Objectives: Although magnesium is a well-known treatment for vasospasm following subarachnoid hemorrhage, its mechanism of action for cerebral vascular relaxation is not clear. In addition, it is known that L-type calcium (Ca(2+)) channels play a pivotal role in smooth muscle contraction. To investigate the role of L-type Ca(2+) channels in the magnesium-induced relaxation of basilar smooth muscle cells, we examined the effect of magnesium sulfate on L-type Ca(2+) currents using freshly isolated smooth muscle cells from rabbit basilar arteries.

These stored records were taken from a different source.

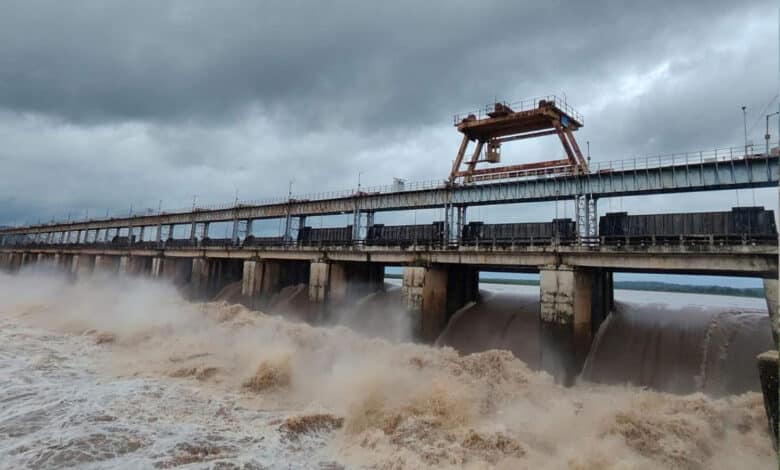 گوداوری کی سطح آب میں مسلسل اضافہ، کئی آبی ذخائرمیں پانی کا بہاو انتہائی تیز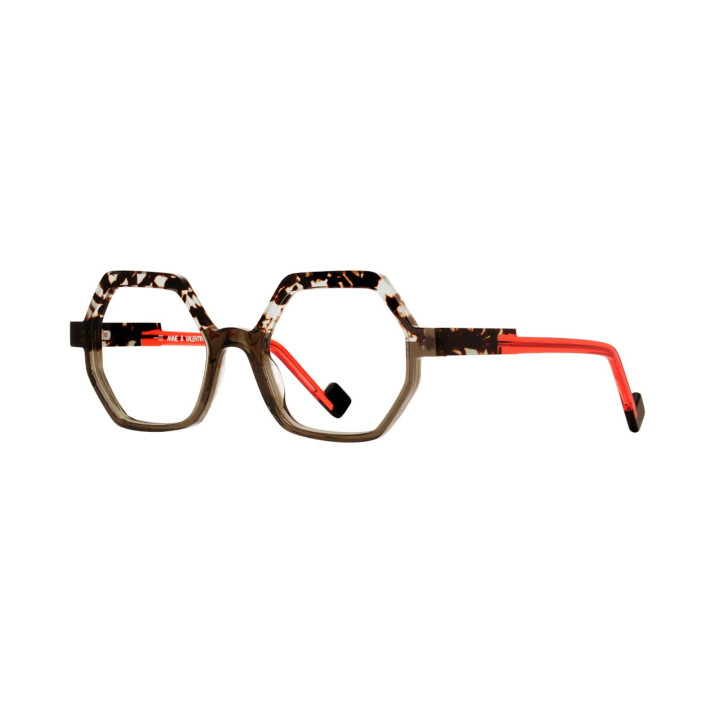 Anne et Valentin Logik 24c23 (3q view)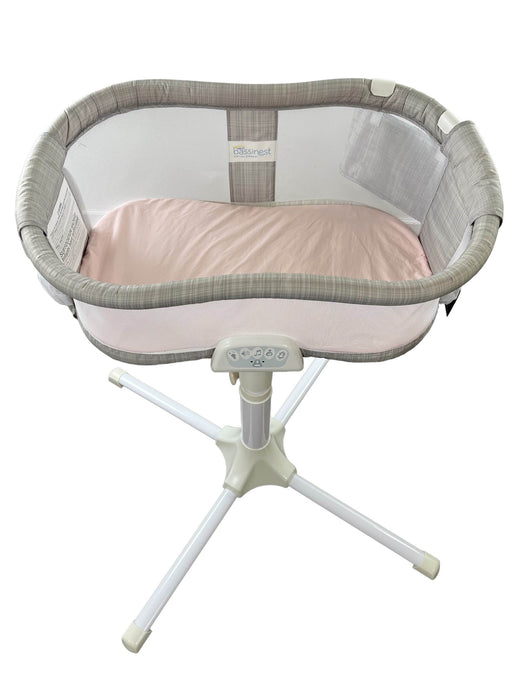secondhand Halo BassiNest Swivel Sleeper Luxe Plus Series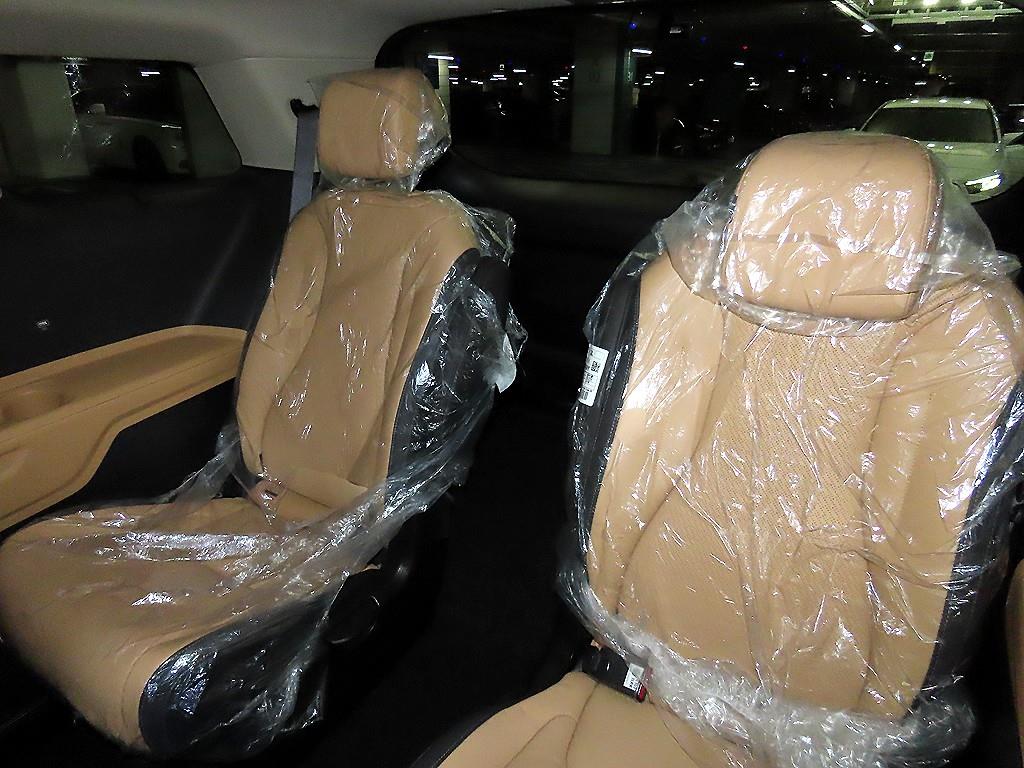 KIA Carnival - Vista 8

Method: Rabbits were anesthetized with ketamine (50 mg/kg) with xylazine (25 mg/kg) and exsanguinated. Smooth muscle cells were isolated from rabbit basilar arteries by enzyme treatment. Cells were stored at 4°C before use. Whole-cell patch clamp technique was used to identify L-type Ca(2+) currents, using the potassium channel blocker, cesium chloride, and nimodipine and Bay K8644 as a blocker and activator of L-type Ca(2+) channels, respectively.
Results: Inward currents induced by step pulses were significantly reduced by nimodipine (n = 5, P<0·05) and increased by Bay K8644 (n = 5, P<0·05). The L-type Ca(2+) currents (122±14·0 pA, n = 12) were significantly reduced by the application of 5 mM magnesium sulfate (28±4 pA, n = 12, P<0·05). The inward currents enhanced by Bay K8644 were further suppressed by the application of magnesium sulfate.
Discussion: These results demonstrate that L-type Ca(2+) channels are functionally expressed in rabbit basilar smooth muscle cells and suggest that L-type Ca(2+) channels may play a pivotal role for magnesium-induced relaxation.